TASK GOAL: Please output the listing that follows exactly, but keep all images out.

BEGIN DATASET SECTION

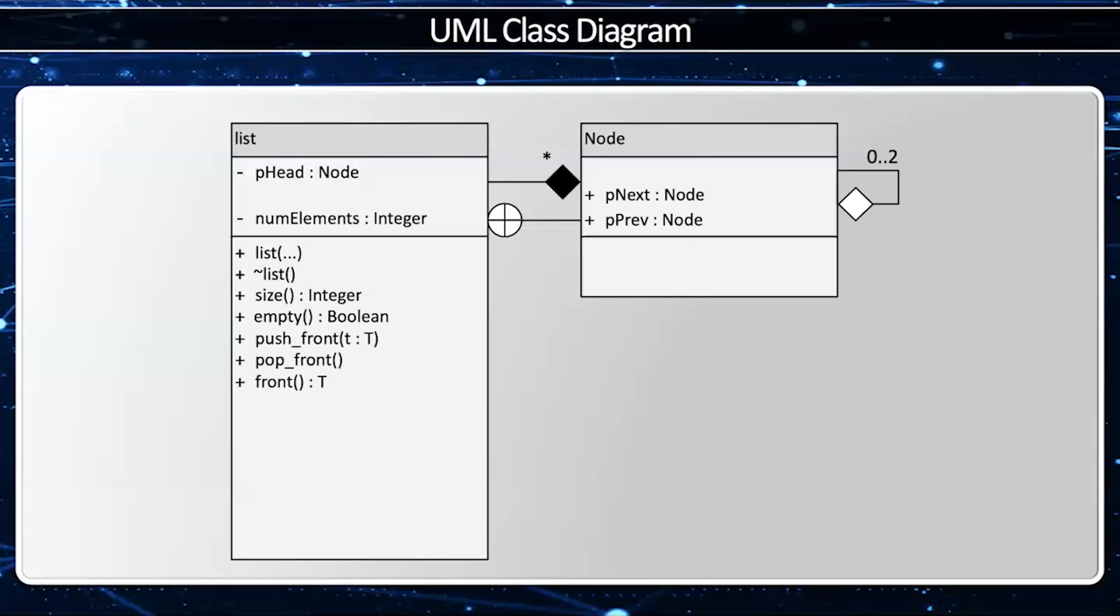Now I'm going to be able to push front, pop front, and access the front of the list. And this can require access a T. In other words, a linked list can contain any data type we want, not just integers or strings or whatever. Therefore list is a template class.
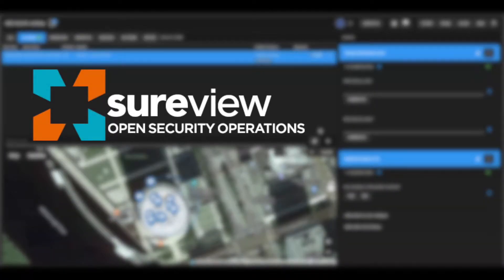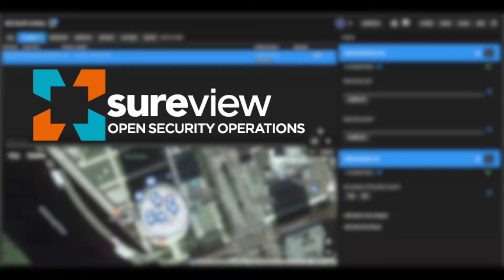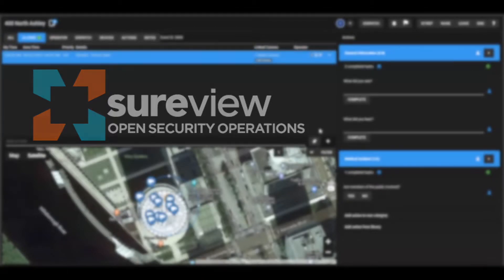Being able to adapt to quickly changing circumstances is a key characteristic for any command center. A team's ability to be agile in the face of a rapidly evolving event is what makes the operation resilient.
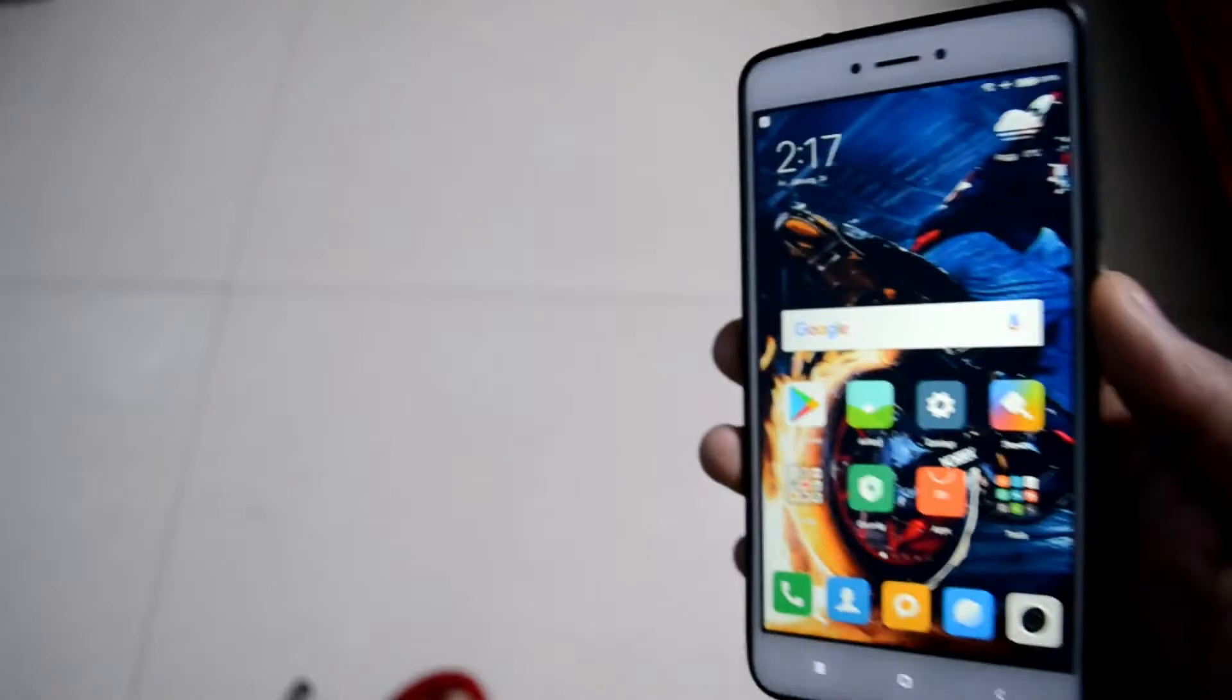So guys, that is it for this video. If you like the video, please subscribe guys, please subscribe. And I am going to install the Android 8.1 Oreo on this phone from now onwards and you will get the video after like today.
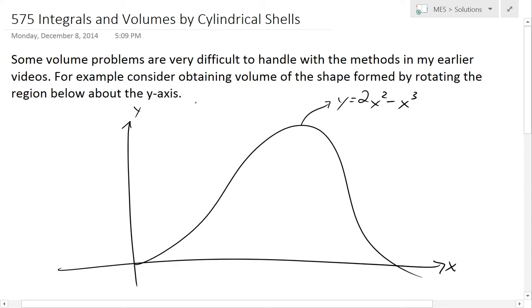Hi, it's time for another Math Easy Solution here to discuss further into integrals and volumes, but now looking at volumes by cylindrical shells. I'll go over an introduction but first the background to it.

END DATASET SECTION

FINISHED TASK:
Now I'm going to be able to push front, pop front, and access the front of the list. And this can require access a T. In other words, a linked list can contain any data type we want, not just integers or strings or whatever. Therefore list is a template class.
Being able to adapt to quickly changing circumstances is a key characteristic for any command center. A team's ability to be agile in the face of a rapidly evolving event is what makes the operation resilient.
So guys, that is it for this video. If you like the video, please subscribe guys, please subscribe. And I am going to install the Android 8.1 Oreo on this phone from now onwards and you will get the video after like today.
Hi, it's time for another Math Easy Solution here to discuss further into integrals and volumes, but now looking at volumes by cylindrical shells. I'll go over an introduction but first the background to it.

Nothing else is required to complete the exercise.